NeurIPS 2019
Sun Dec 8th through Sat the 14th, 2019 at Vancouver Convention Center
Reviewer 1
The main advance of this manuscript is the reduced sampling complexity and computational speed of the proposed algorithms ExactSHT and RobustSHT; with theoretical guarantees. These advances are illustrated on a small scale toy problem, see Figure on page 8. One of the deficiencies of the manuscript is the very limited quality of numerical experiments, so much as to not include some of the important aspects such as probability of recovery and the differing performance of the ExactSHT and RobustSHT. The main manuscript includes a pair of plots with a small discussion, and the supplementary material includes a modestly longer experimental section; see for instance Table 1 on page 23. The advances are important, more so than many results in compressed sensing these days as CS is a well developed topic.
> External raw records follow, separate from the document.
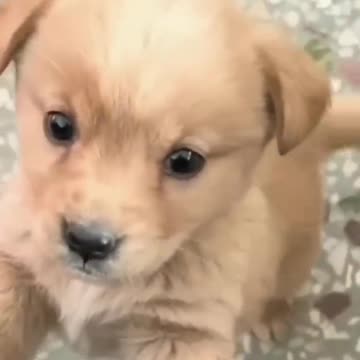 Baby dog#cute puppy barking#4kviral#shorts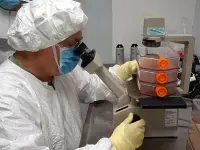 ricerca per la produzione di vaccini virali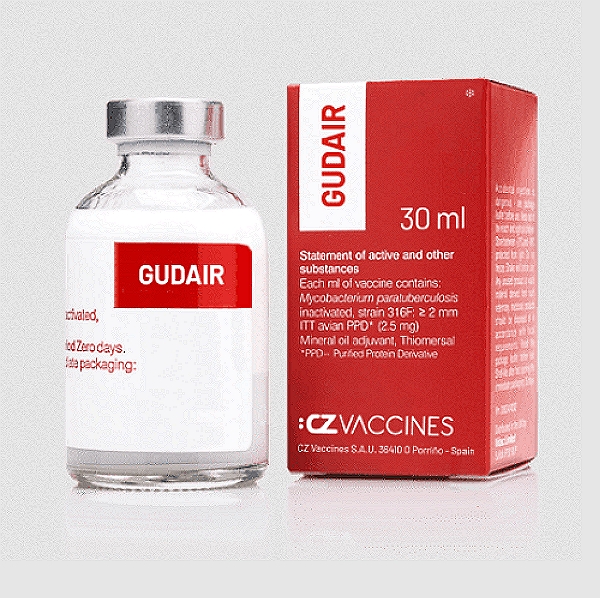 Mycobacterium Paratuberculosis Vaccine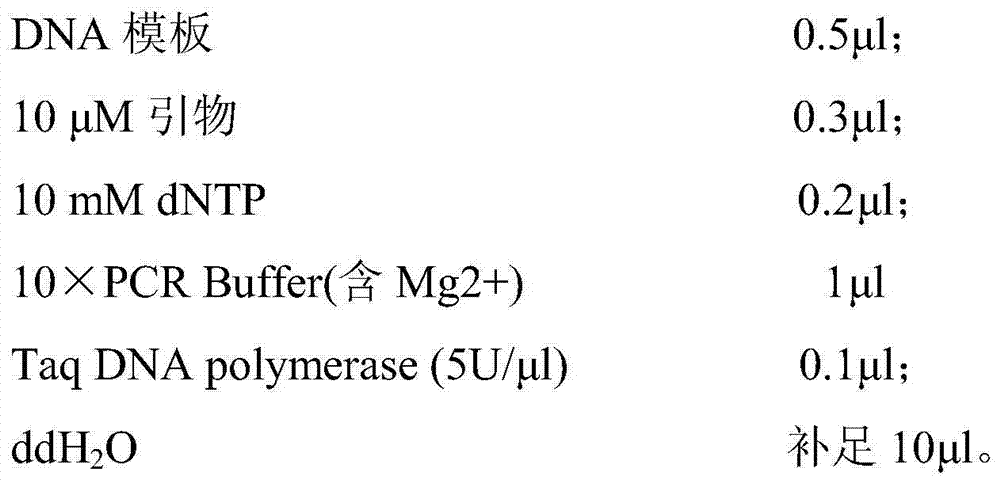 Molecular marker of rice brown planthopper major gene qBph30(t) and application thereof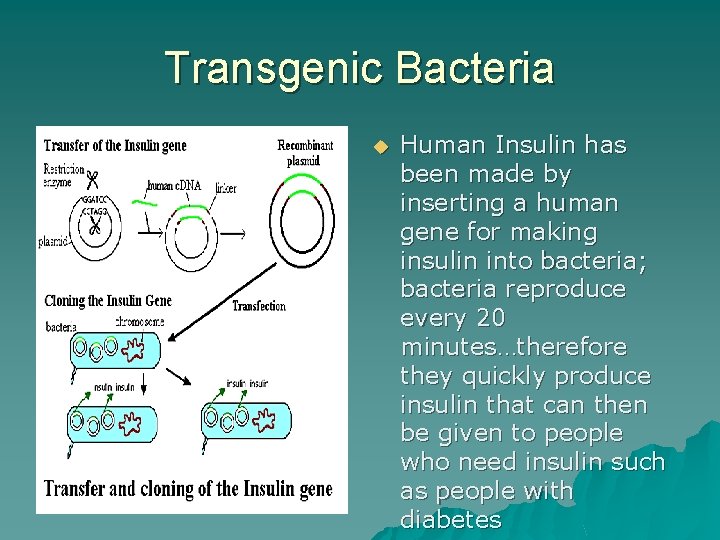 Transgenic Bacteria u Human Insulin has been made by inserting a human gene for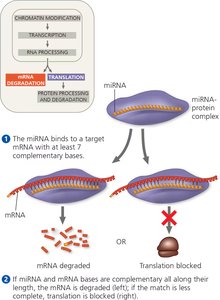 Regulation of gene expression by microRNAs (miRNAs)
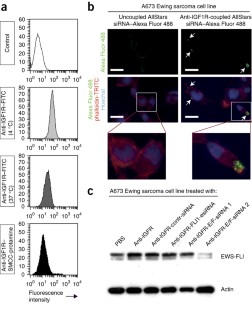 composition of antibody versus protein scaffold composition of antibody versus protein scaffold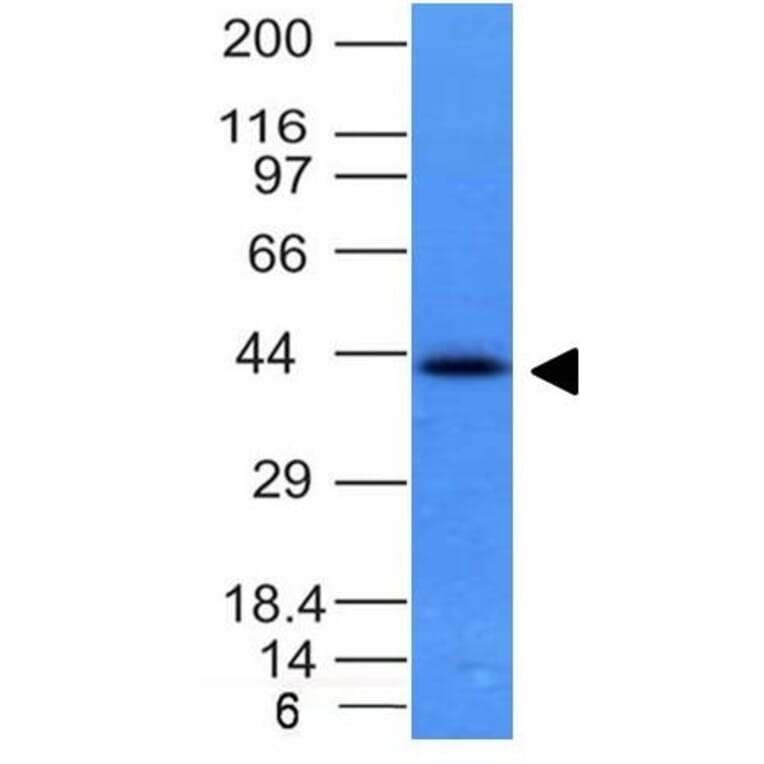 Western Blot - Anti-EpCAM Antibody [EGP40/837] - BSA and Azide free (A252442) - Antibodies.com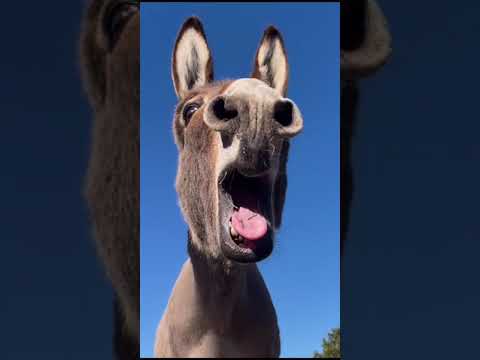 Donkey sound Jackass noise #Braying Donkey Sound || #ugly Sounds || #shorts || #Animalspoorly #viral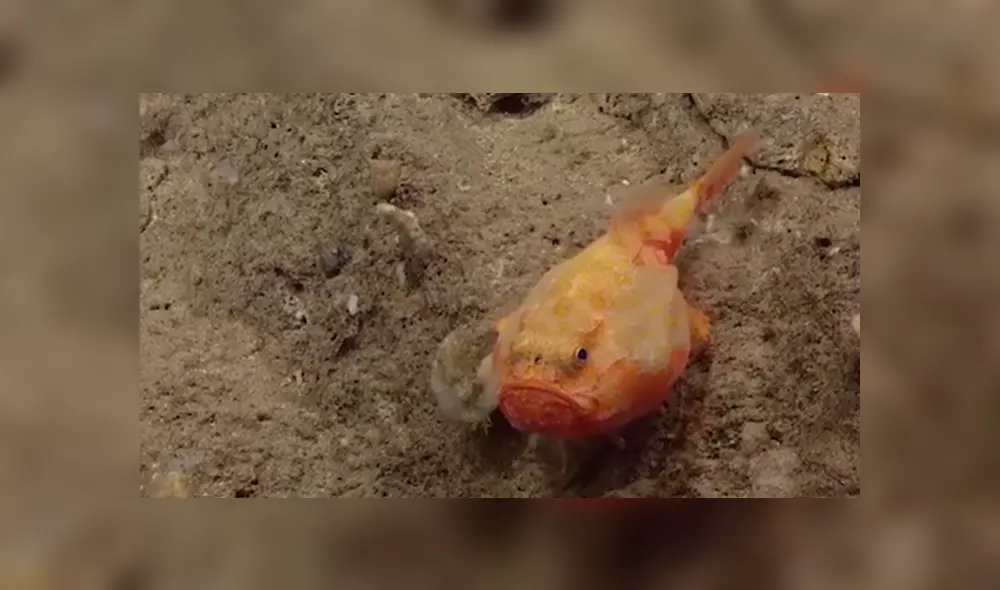 YouTube viral: buzo ingresa al fondo del océano y encuentran a extraño pez con cuatro ‘patas’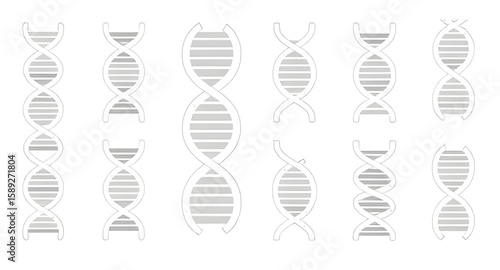 DNA icon, DNA vector, double helix icon, genetic icon, genetics vector, DNA strand, molecular icon, chromosome vector, biology icon, science icon, DNA structure, helix icon, genome vector, DNA molecul
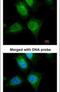 Keratin 19 antibody, PA5-29582, Invitrogen Antibodies, Immunofluorescence image 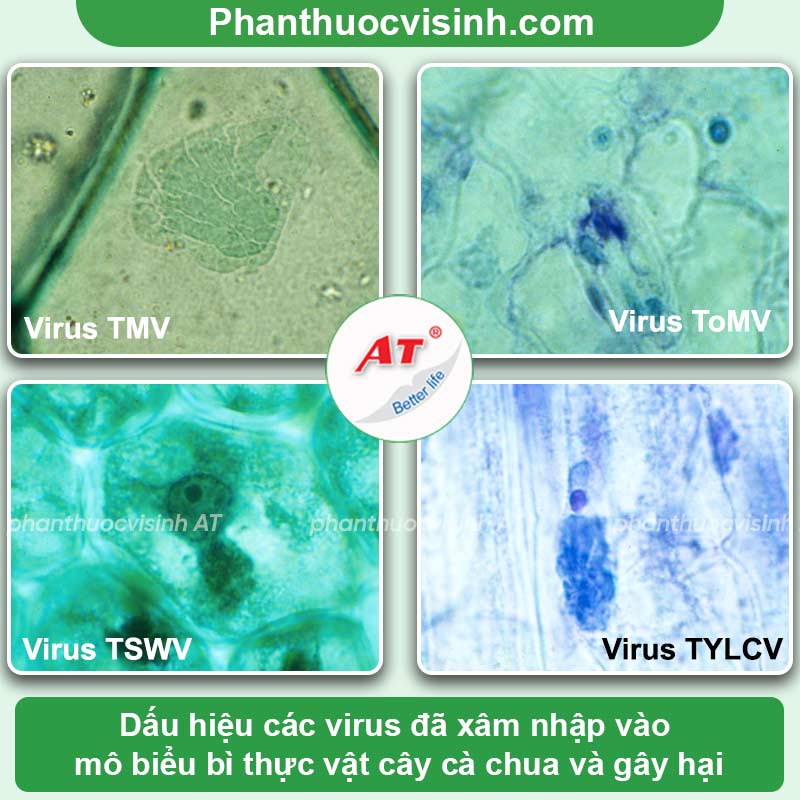 Phòng trừ bệnh virus trên cây cà chua nhanh chóng, hiệu quả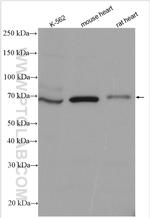 TLE2 Antibody in Western Blot (WB)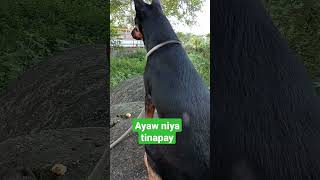 Ayaw niya pandesal #dog #doglover #viral #youtubeshorts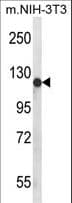 Polyclonal Rabbit anti-Human PIGN Antibody (aa206-235, WB)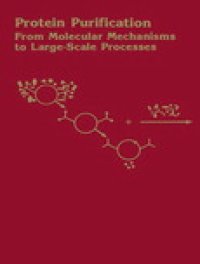 cover of the book Protein Purification. From Molecular Mechanisms to Large-Scale Processes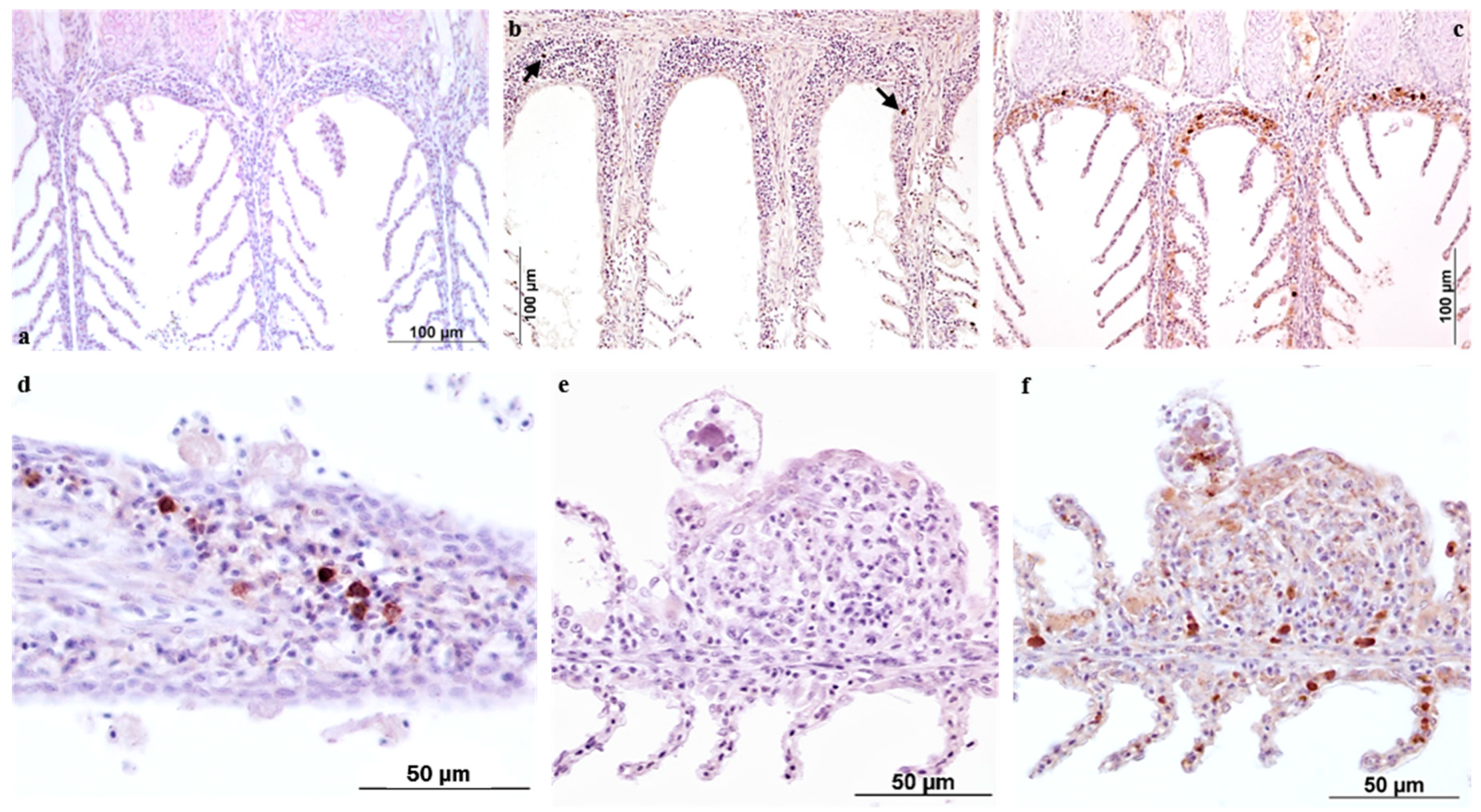 Pathogens 11 00062 g002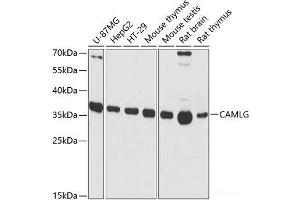 Western blot analysis of extracts of various cell lines using CAMLG Polyclonal Antibody at dilution of 1:3000. (CAMLG Antikörper)
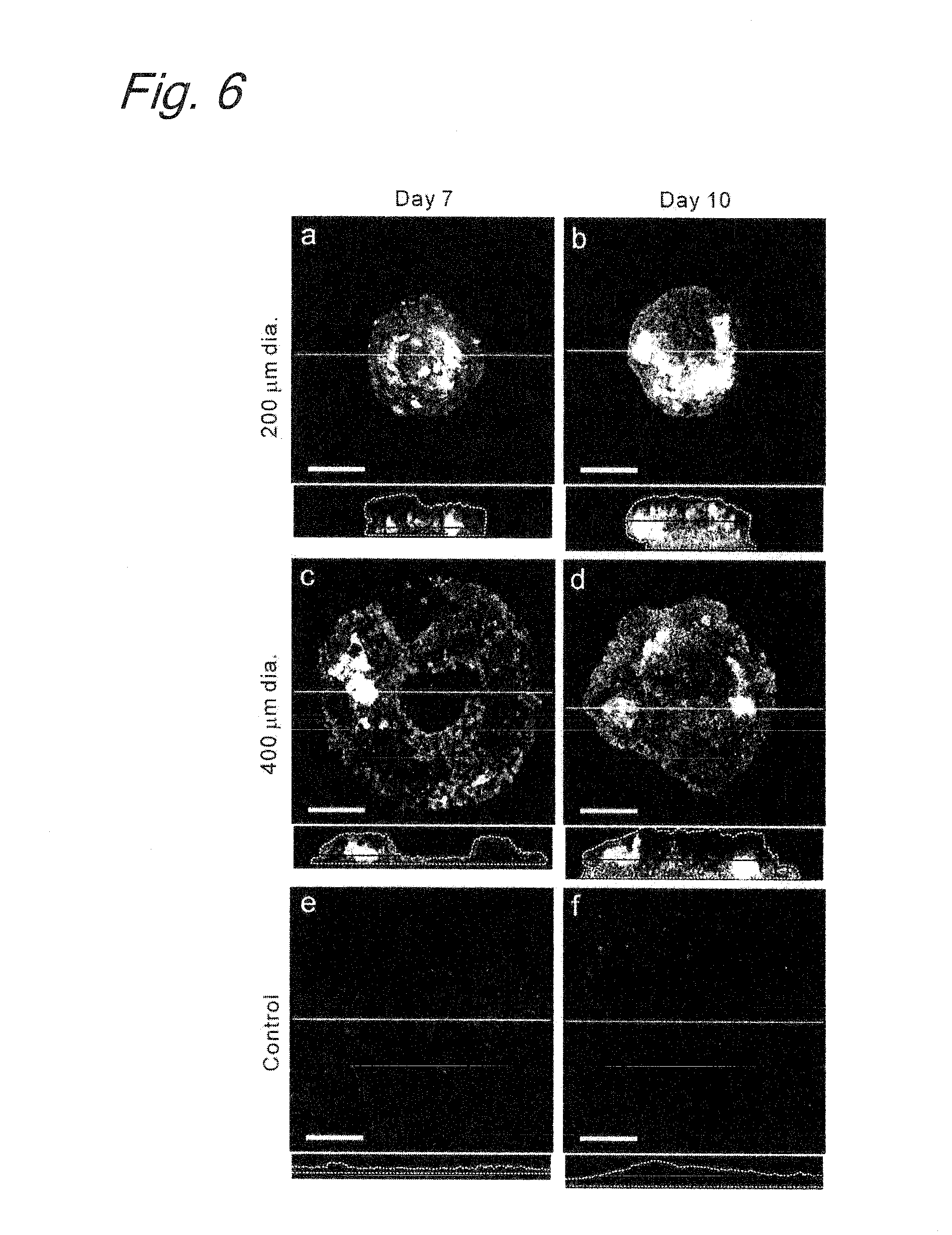 Method for inducing differentiation of embryonic stem cells or artificial pluripotent stem cells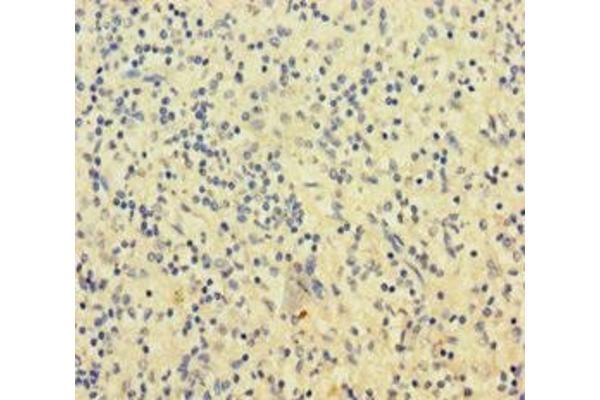 SLAMF8 antibody  (AA 23-233)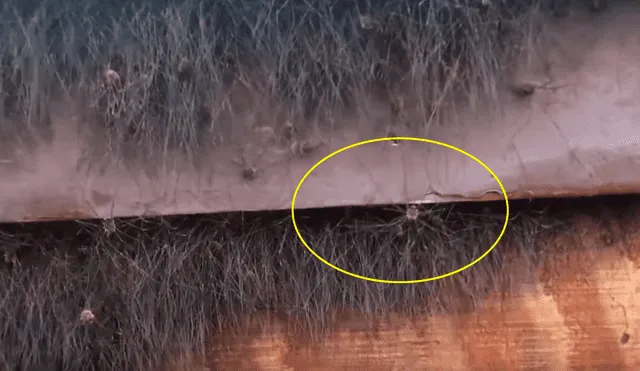 YouTube viral: nido de miles de arañas es descubierto en el lugar menos pensado [VIDEO]
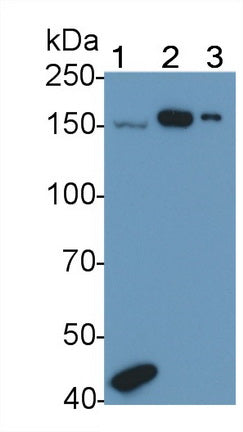 A Disintegrin And Metalloproteinase With Thrombospondin 1 (ADAMTS1) Polyclonal Antibody - image 2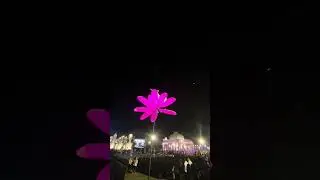 Foreign Artist #viral #explorepage #wedding #weddingdress #ytshorts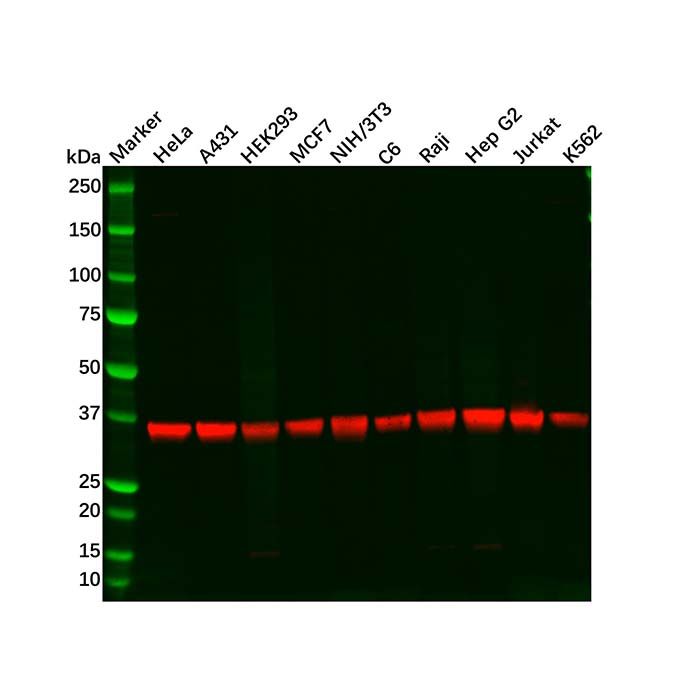 Recombinant PPP1CB Antibody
The results are presented clearly, but the organisation of the results isn't ideal at present as the sampling complexity isn't shown in the main manuscript. The authors are encouraged to move Table 1 of the supplementary material to the main manuscript as this is especially important; alternatively it could be presented in plot form within the current plots using a right axis on sampling complexity.
Reviewer 2
I do not feel qualified enough to review the technical aspects of this submission, but reading the paper makes me sligthly uneasy. - The very first sentence of the introduction is almost verbatim from another paper (first sentence of the abstract of [11]) - Also; - some clear overselling: "a natural and very important class to consider" (based on one paper about hyper-parameter tuning for deep nets) seems like a tenuous motivation. - specifying in all O(.)-type result the base of the logarithm seems.. strange, and does not really inspire confidence ("log_2" everywhere in big_Oh notations...) - Theorem 2 has no approximation parameter. I do not see how, given query access to a function x, one can output the *exact* values of the non-zero coefficients of \hat{x} in a sublinear number of queries (which is what "problem (1)" asks) - no comparison of the results with what is obtained in [8], which gives results on learning Fourier-sparse functions. While I may very well be wrong, the above points make me believe this submission should be rejected. UPDATE: In light of the other reviews, and the authors' response, I have updated my score to reflect better the importance of the problem solved, and the response of the authors regarding the points made above (also, I would suggest to include, in some form, part of the answer (2) in the paper itself). However, I would very much like to point out again that, regardless of the results, verbatim lifting of other papers' writing with no acknowledgment is not OK (even in the case of self-plagiarism, a point anyway moot here given the anonymity). This played a significant part in my original assessment.
Reviewer 3
The results are clever and nice. They are a bit similar to the results in "New Results for Learning Noisy Parities and Halfspaces" (Theorem 1 where in that paper they isolate large Fourier coefficients). Here you must be very careful with the hashing scheme to get the optimal bounds.